Inferring Communities of Interest in Collaborative Learning-based Recommender Systems
Yacine Belal, Sonia Ben Mokhtar, Mohamed Maouche, Anthony Simonet-Boulogne
TL;DR
The paper investigates privacy risks in collaborative-learning-based recommender systems by introducing Community Inference Attack (CIA), a low-cost, comparison-based attack that infers communities of users sharing a target item set. CIA operates in both Federated Recommender Systems (FedRecs) and Gossip Learning-based Recommender Systems (GossipRecs), achieving up to 10x random-guess accuracy in FL and around 3x in GL, without training surrogate models.
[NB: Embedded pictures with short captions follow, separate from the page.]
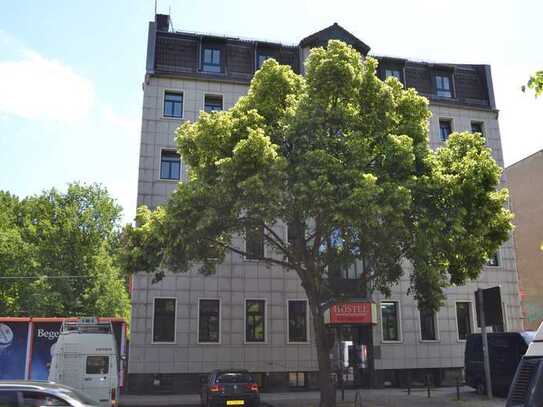 Zwangsversteigerung - Sanierungsobjekt in Friedrichshain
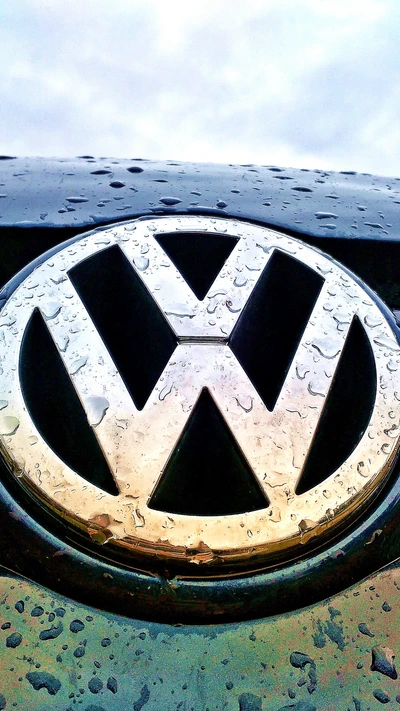 Logo Volkswagen avec des gouttes de pluie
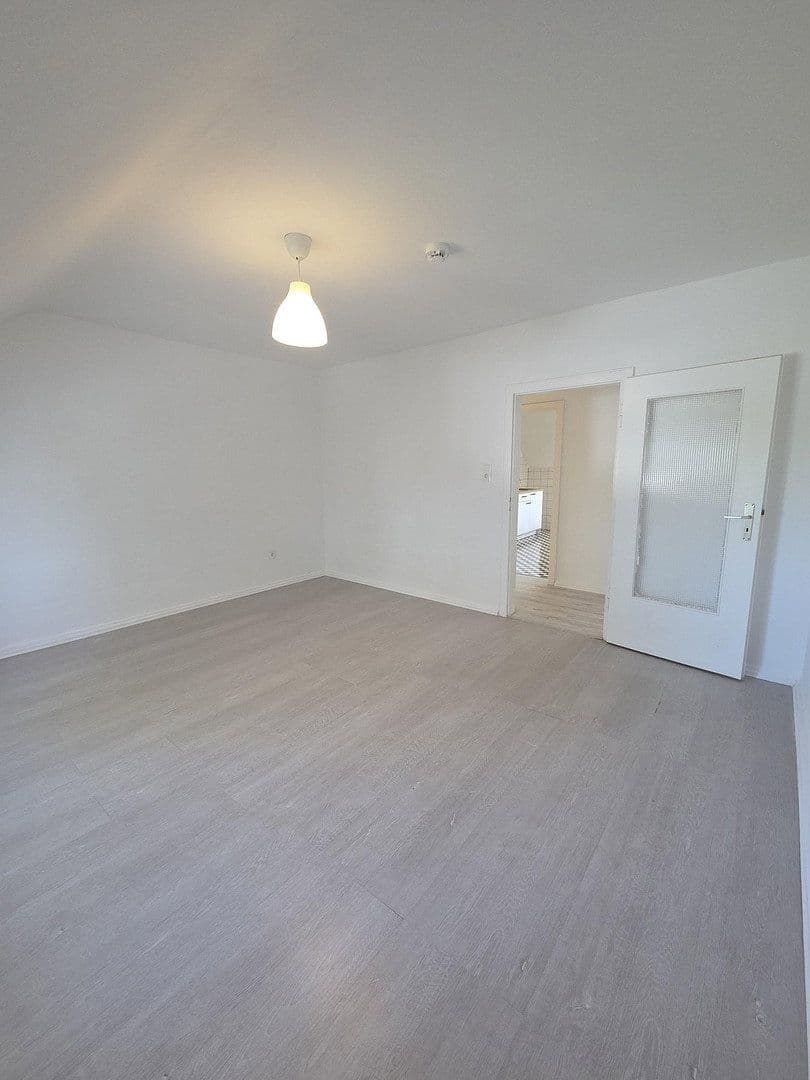 Pronájem bytu 3+1 80 m², Stolberstrasse 378, Köln, Severní Porýní-Vestfálsko Pronájem bytu 3+1 80 m², Stolberstrasse 378, Köln, Severní Porýní-Vestfálsko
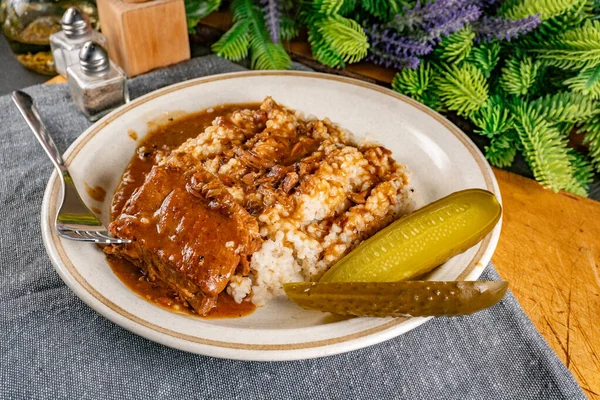 Baharat soslu haşlanmış domuz kaburgası arpa ve salatalık turşusu ile servis edilir. Seçici odak.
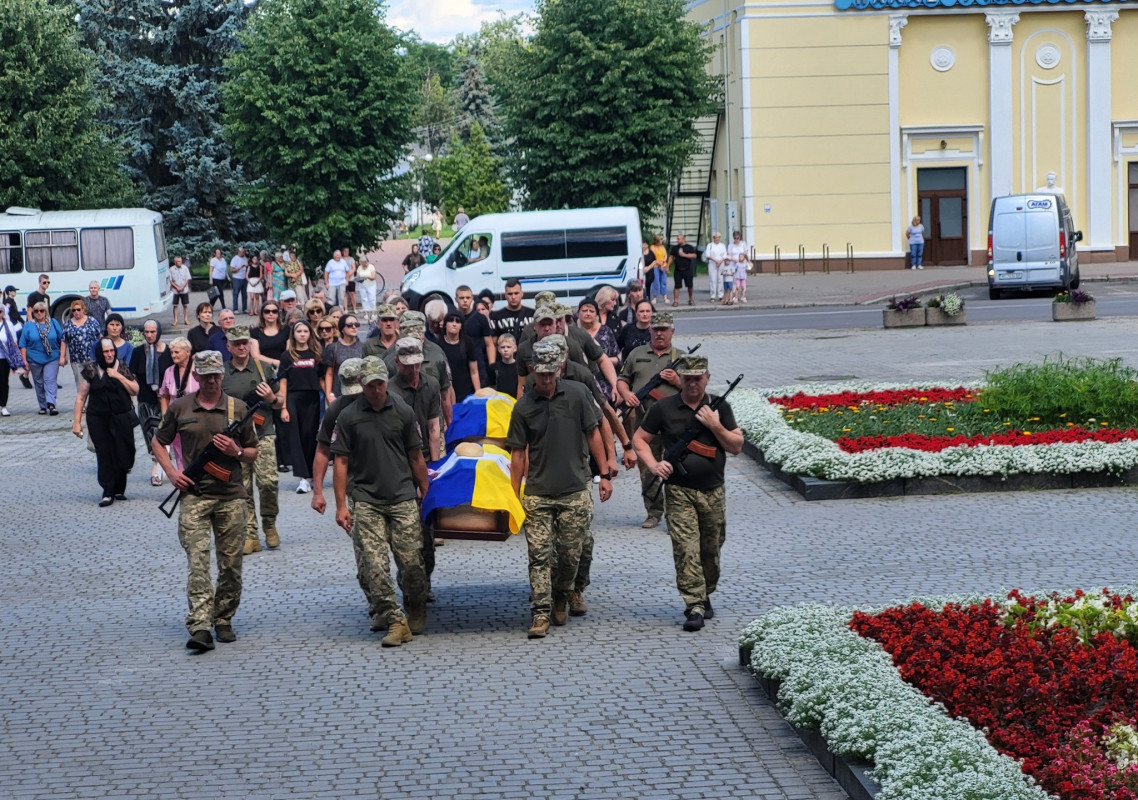 Навіки 30 і 38: на Волині в останню путь провели молодих Героїв, життя яких забрала війна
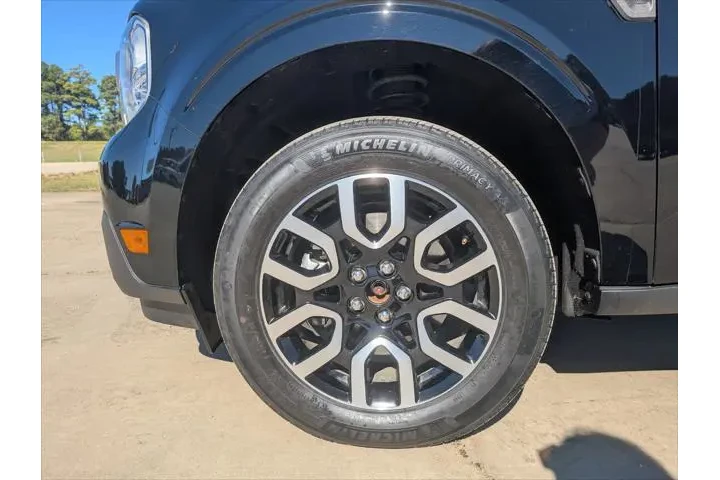 $26020 : Ford Maverick 2023 Lariat 4d image 9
It evaluates two defenses—Share less and Differentially Private SGD (DP-SGD)—finding that Share less generally improves privacy-utility trade-offs in FedRecs, while it can be counterproductive in GossipRecs due to model aging effects; DP-SGD offers formal privacy at the expense of utility. The results highlight substantial privacy leakage in distributed recommender systems and provide guidance for defense design, including the relative value of Share less over DP-SGD and the potential need for novel protections in decentralized settings.
Abstract
Collaborative-learning-based recommender systems, such as those employing Federated Learning (FL) and Gossip Learning (GL), allow users to train models while keeping their history of liked items on their devices. While these methods were seen as promising for enhancing privacy, recent research has shown that collaborative learning can be vulnerable to various privacy attacks. In this paper, we propose a novel attack called Community Inference Attack (CIA), which enables an adversary to identify community members based on a set of target items. What sets CIA apart is its efficiency: it operates at low computational cost by eliminating the need for training surrogate models. Instead, it uses a comparison-based approach, inferring sensitive information by comparing users' models rather than targeting any specific individual model. To evaluate the effectiveness of CIA, we conduct experiments on three real-world recommendation datasets using two recommendation models under both Federated and Gossip-like settings. The results demonstrate that CIA can be up to 10 times more accurate than random guessing. Additionally, we evaluate two mitigation strategies: Differentially Private Stochastic Gradient Descent (DP-SGD) and a Share less policy, which involves sharing fewer, less sensitive model parameters. Our findings suggest that the Share less strategy offers a better privacy-utility trade-off, especially in GL.